--- Stored data ---

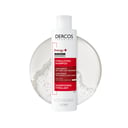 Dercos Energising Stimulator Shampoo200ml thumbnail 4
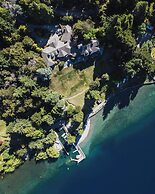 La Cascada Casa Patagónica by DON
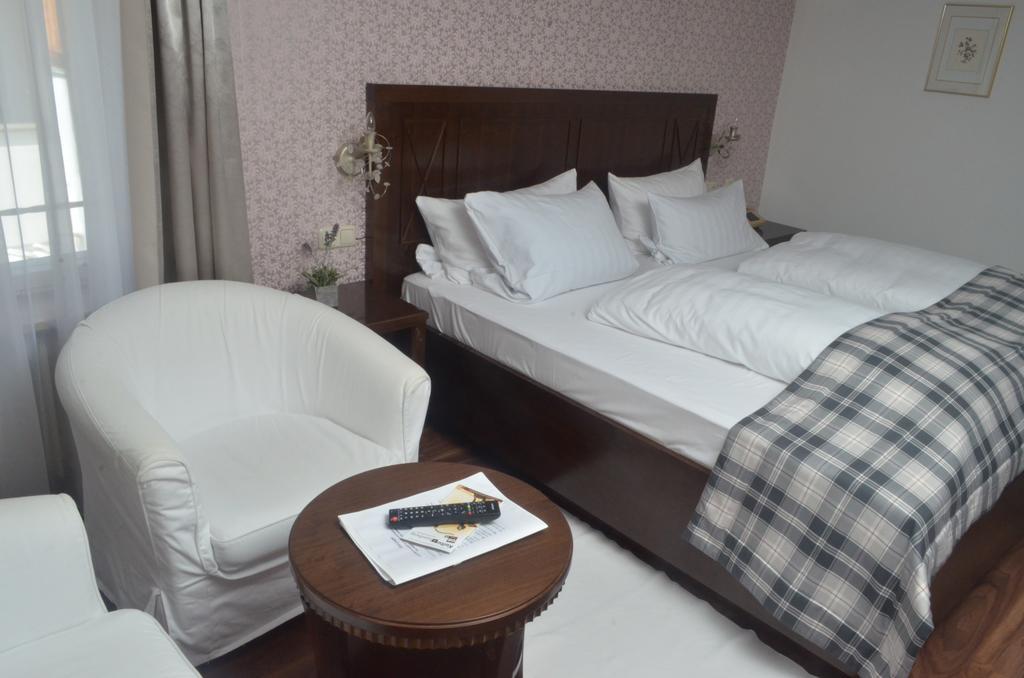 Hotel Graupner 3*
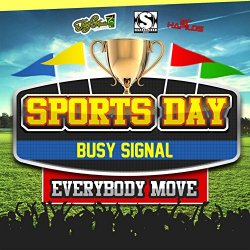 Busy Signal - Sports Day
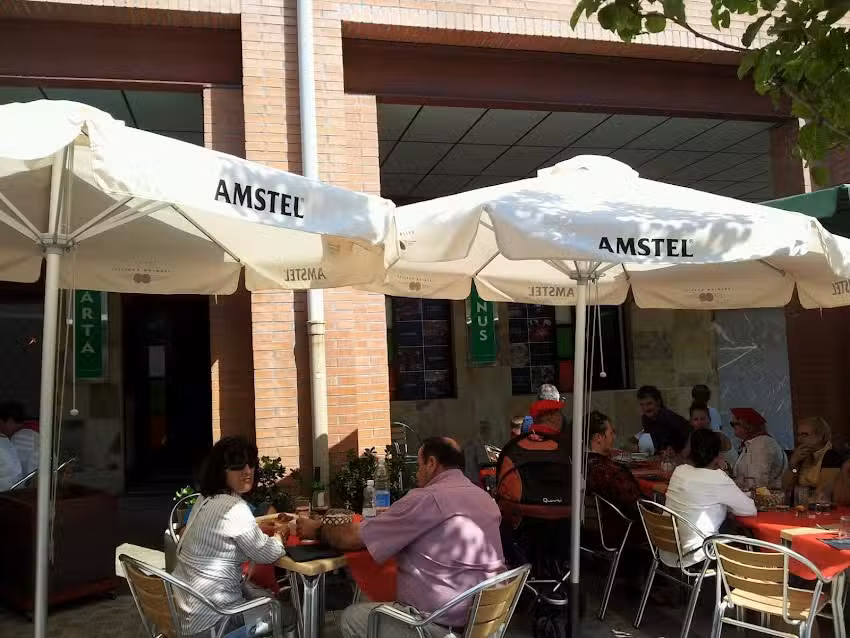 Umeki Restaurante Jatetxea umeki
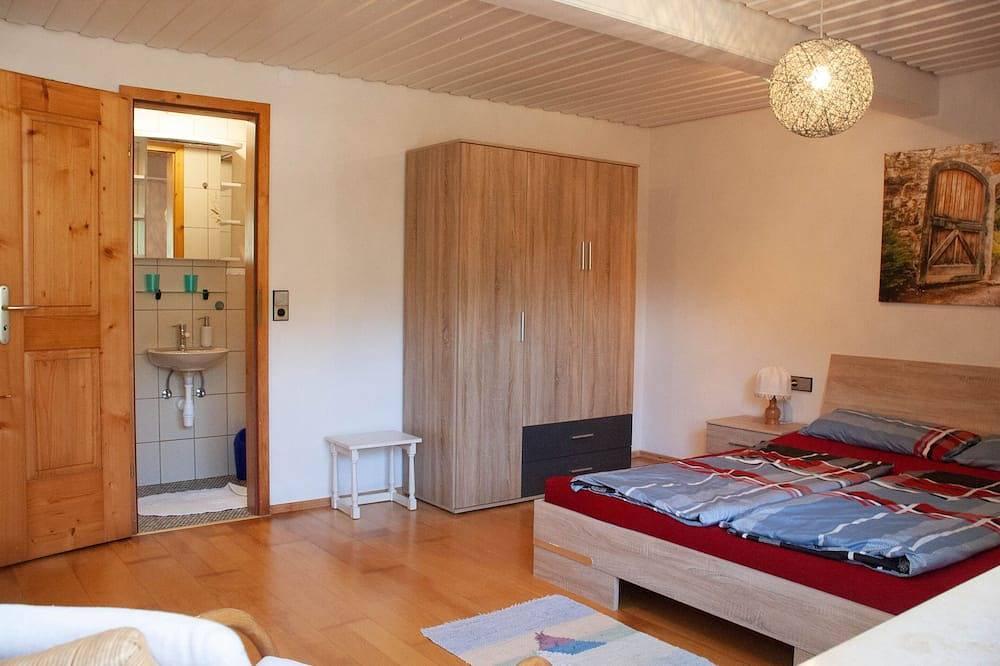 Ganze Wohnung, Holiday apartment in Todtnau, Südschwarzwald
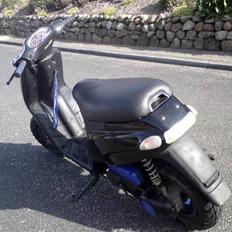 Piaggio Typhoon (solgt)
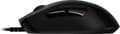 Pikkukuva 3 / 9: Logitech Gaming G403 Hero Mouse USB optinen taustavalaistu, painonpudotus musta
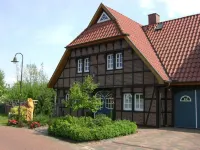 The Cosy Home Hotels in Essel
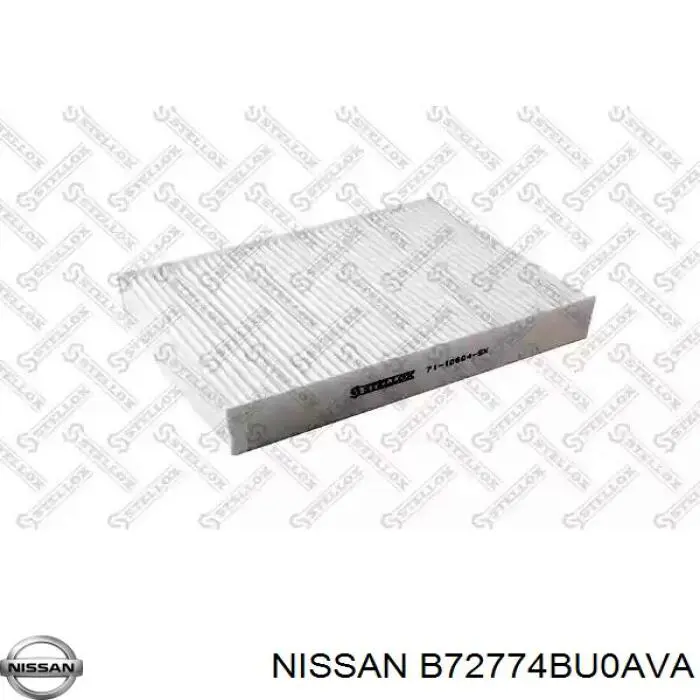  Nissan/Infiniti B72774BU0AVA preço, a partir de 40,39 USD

---

Repeat word for word the lines beginning at the one with "Pikkukuva 3 /" and ending at the final line of the records above, both included, and no others. Leave the pictures out.

_Solved exercise_
 Pikkukuva 3 / 9: Logitech Gaming G403 Hero Mouse USB optinen taustavalaistu, painonpudotus musta
 The Cosy Home Hotels in Essel
  Nissan/Infiniti B72774BU0AVA preço, a partir de 40,39 USD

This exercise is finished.